From his father, Vincent learned reverence for this place. For him, a visit here may be different from casual traveler's:

"One of the first things is when you enter a place like this you pray. Even today, I prayed this morning coming here."

"One of the stories his father told him involves a race that explains how this place we know as Sunset Crater came to be. For the Apache it's an origin story."

"It's basically the story of Good versus Evil, and it's a story of our hero or the person, the being shall we say that sanctified this land to be ours. His name means "Killer of Enemies."

In this case he was not a monster but actually Evil himself. Evil had . won all the people to his side and of course, "Killer of Enemies" representing good had to win back the people to insure that they lived and walk the road, the right road.

This is the place where Good and Evil decided they would settle this once and for all, who would be in control of the people. So they had a race, and this was the beginning and the end of the race that went around the world."

And who won?

"Good of course, that's why we're still alive today. Evil lost and because of that he burnt himself up and that's why it's black here."

Sunset Crater is the youngest volcano in the vast San Francisco Volcanic Field of northern Arizona. When it first erupted about a thousand years ago, the explosion must have been spectacular: Earthquakes rattled the ground. Sulfurous clouds of gas and ash blew high into the sky. Glowing-hot molten lava spilled over the ground and left jagged black basalt flows that look like they froze in place just last week.

But it was an explosion of another kind that led to Sunset's protection as a national monument. The designation was due largely to the quick actions of Harold Colton, cofounder of the Museum of Northern Arizona.

"In 1929 he got wind of a plan to dynamite a portion of Sunset Crater as part of a movie called Avalanche, which was based on a story by Zane Grey."

Robert Breunig, the current director of the museum, crunches over the cinders that blanket the ground around Sunset Crater.

"Of course Colton was just absolutely horrified at the thought that this beautiful pristine cinder cone would be blasted apart for a movie they convinced President Herbert Hoover to declare Sunset Crater a national monument... So in May of 1930, May 26, 1930 to be exact, Sunset Crater was permanently protected."

But the movie company didn't go away. Thwarted at Sunset Crater, they moved on to Cameron, Arizona. There they tried dynamiting for the film The Painted Desert.

But Brenuig says the consequences were disastrous.

"The guy in charge of doing the dynamiting was used to hard-rock mining and not soft earth up in Cameron, and so he over prepared for the blast and set off the charge and apparently boulders just flew everywhere, raining down on all the movie people that were there waiting to see this avalanche, and in fact one of the people was killed and some people were seriously injured."

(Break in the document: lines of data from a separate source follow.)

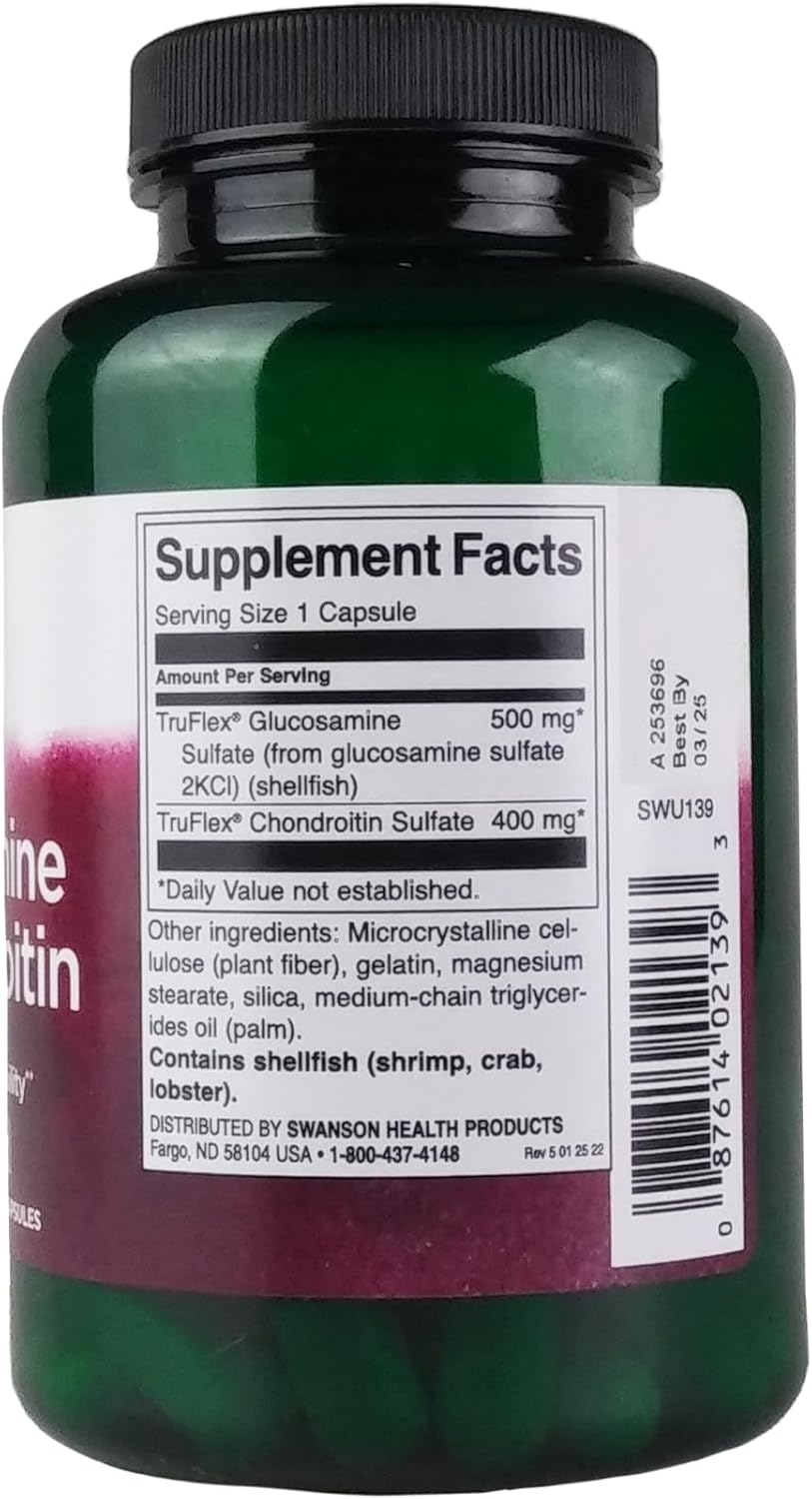 glucosamine-and-chondroitin-joint-support-supplement-for-daily-maintenance---promotes-joint-integrity-movement-and-flexibility---90-capsules-900mg-2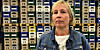 NNN-leder Anne Berit Aker Hansen ville hatt en tydeligere retning i kanmen mot grensehandelen.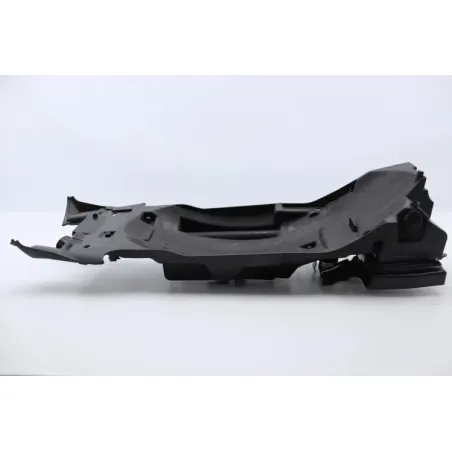 Passage de roue BMW R 1200 GS 2008 - 2009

Breunig says it's hard to imagine today that anybody would have seriously thought about blowing up Sunset Crater. For his part Vincent Randall is grateful the crater was protected. A place that holds deep meaning for him and his people:

"You just don't just pack up for the day and pack your lunch and come out here... it's a pilgrimage to come to a place like this...isn't an everyday thing, but it's something you come back and remember that these things happened here and that because of these things you're alive today."

Good did win here, he says. And the black cinders surrounding the Crater are all that's left of that epic victory.